2 gün önce İstanbul dışında bir mescitte namaz kıldıktan sonra bir konuşmaya kulak misafiri oldum. Konuşanlar da benim gibi farklı bir şehirden gelmişlerdi. Geldikleri yolun uzunluğundan bahsediyorlar, seferi olup olmadıklarını dolayısıyla namazı kısaltmaları gerekip gerekmediğini sorguluyorlardı. Kimilerine göre evet kısaltmalıydılar çünkü yollarının uzunluğu kısaltma şartını sağlıyordu, kimilerine göre ise km barajını geçemediklerinden, kısaltmaları mümkün değildi.
Hâlbuki kendilerine dert edindikleri konunun cevabını bulmak çok basitti: Kur’an.
İnsanların olmayan ayrıntılarda boğulduğu, Kur’an yerine hadis, fıkıh gibi kaynaklara başvurarak doğruyu bulmaya çalıştığı konulardan sadece bir tanesi, seferi olma hali ve dolayısıyla seferi namazı.
Seferi olmaktan kasıt yolculuk halinde olmak, yaşanılan yerden başka bir yere gitmektir.
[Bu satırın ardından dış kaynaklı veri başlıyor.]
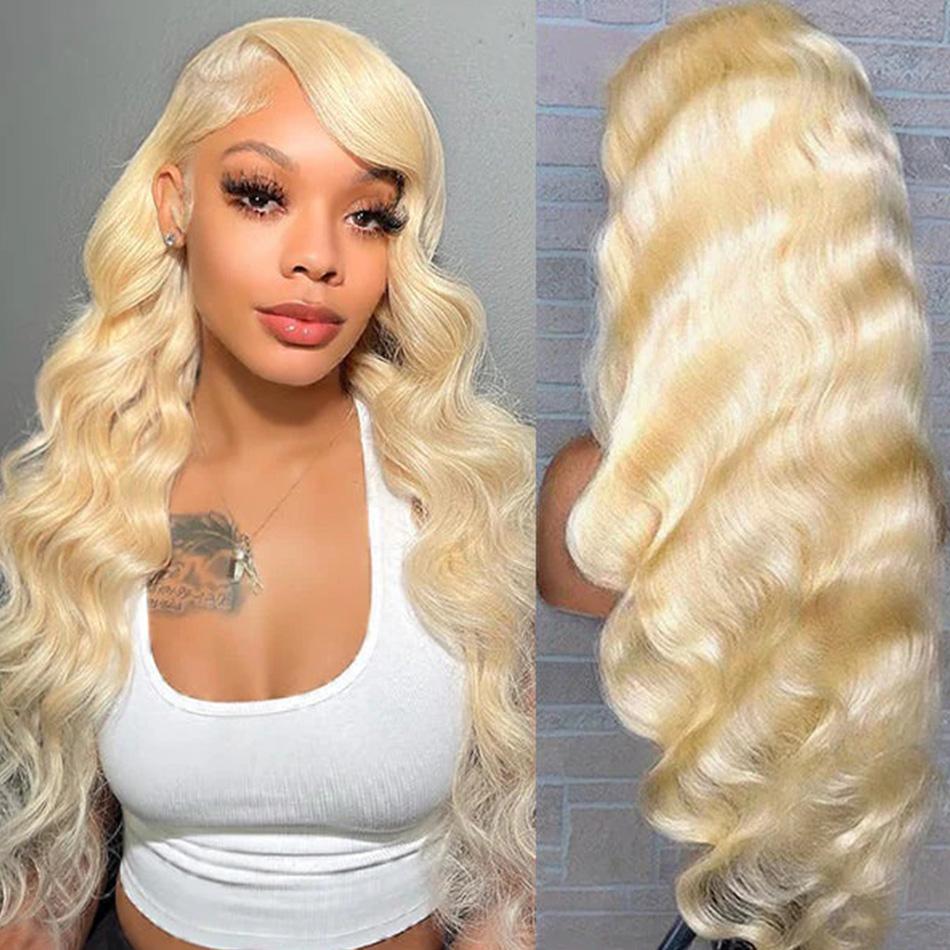 99J Burgundy 13x6 Hd Transparent Lace Frontal Wig Pre plucked Straight /Body Wave Lace Front Wigs Human Hair For Women 180% Density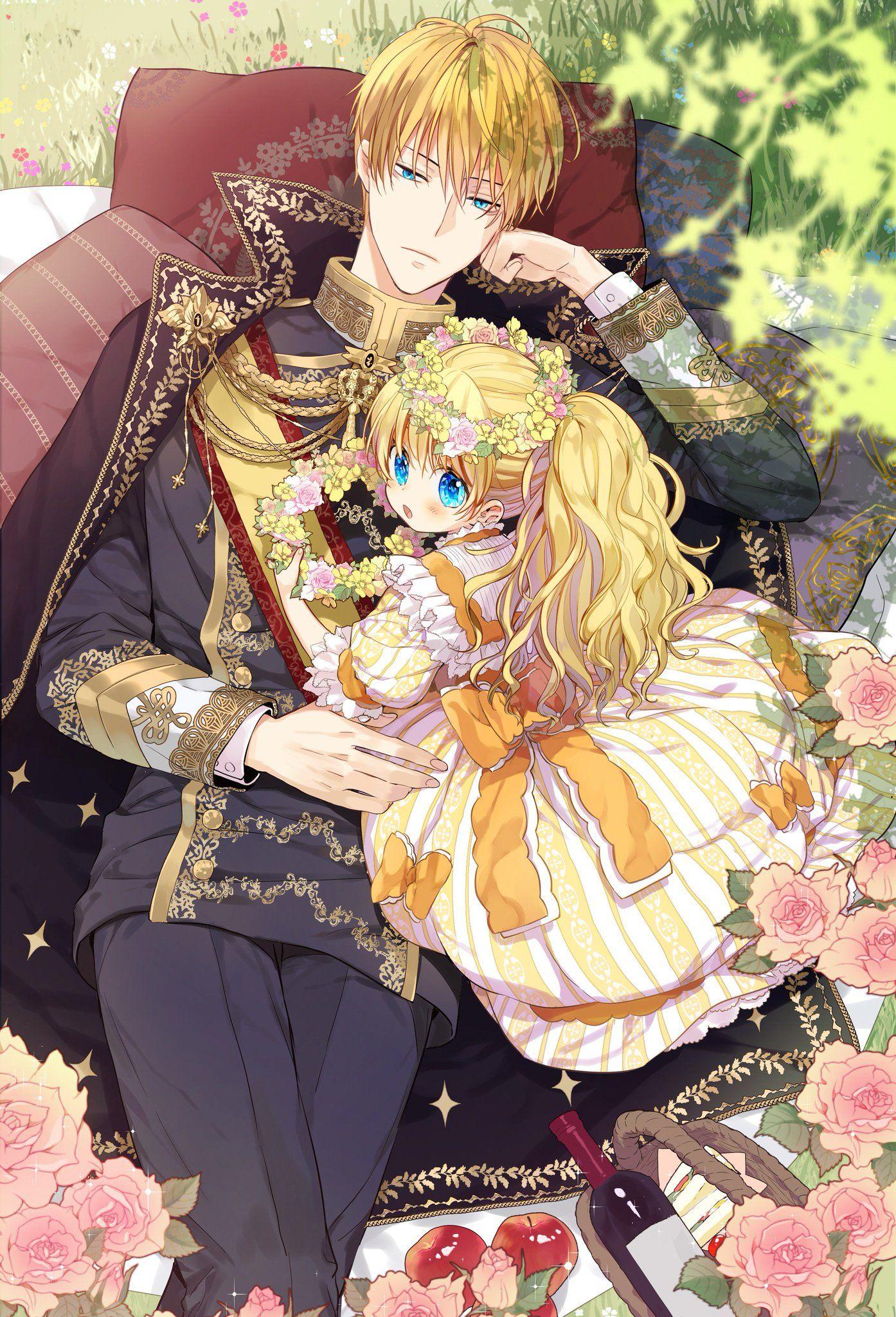 1394x2048 Claude De Alger Obelia Made Me A Princess Anime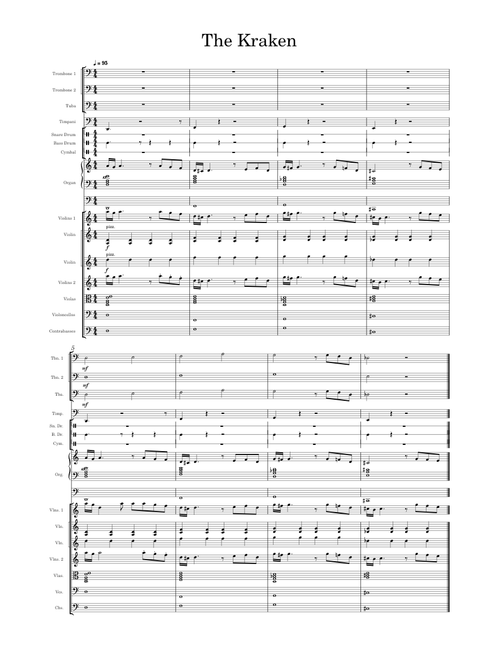 The Kraken (the really good part) - Hans Zimmer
Kur’an’dan uzak yaygın görüşe göre bir insan şu hallerde seferi sayılabiliyor:
– 84-90 km yolculuk yapmak
– Gidilen yerde on beş günden az kalmak
– Buluğ çağında olmak
Kur’an’da ise namazın kısaltılabileceğinden sadece bir ayette bahsedilir ve burada ölüm tehdidi ile yüz yüze gelmek söz konusudur:
Yeryüzünde dolaştığınız zaman, küfre sapanların size tedirginlik vermesinden korkarsanız, namazı kısaltmanızda sizin için bir sakınca yoktur. Şu bir gerçek ki, küfre batanlar sizin için açık bir düşmandır. Nisa Suresi 101
Ayette tatil, iş gezisi gibi keyfi bir seyahat anlaşılmıyor. İnananların tehlike halinde olması söz konusu. Ayrıca Allah kısaltın da demiyor, kısaltmanızda bir sakınca yoktur diyor. Yani kısaltma olmayabilir de. Ve görüldüğü gibi ne km den ne gün sayısından ne de başka herhangi bir şarttan bahsedilmekte.
Seferilik namazını icat edenlere sadece hayret edebiliyorum. Bu insanlar kendilerini çok mu akılsız görüyorlar da Kur’an’a başvuracaklarına, insani uydurmalara itibar ediyorlar; yoksa Kur’an’ı çok karmaşık, anlaşılmaz, eksik mi buluyorlar da normal bir akıl seviyesiyle anlaşılabilecek bir ayeti yeterli bulmayıp, Allah’ın dinini bozup, İslamı da hayatı da kendilerine zorlaştırıyorlar.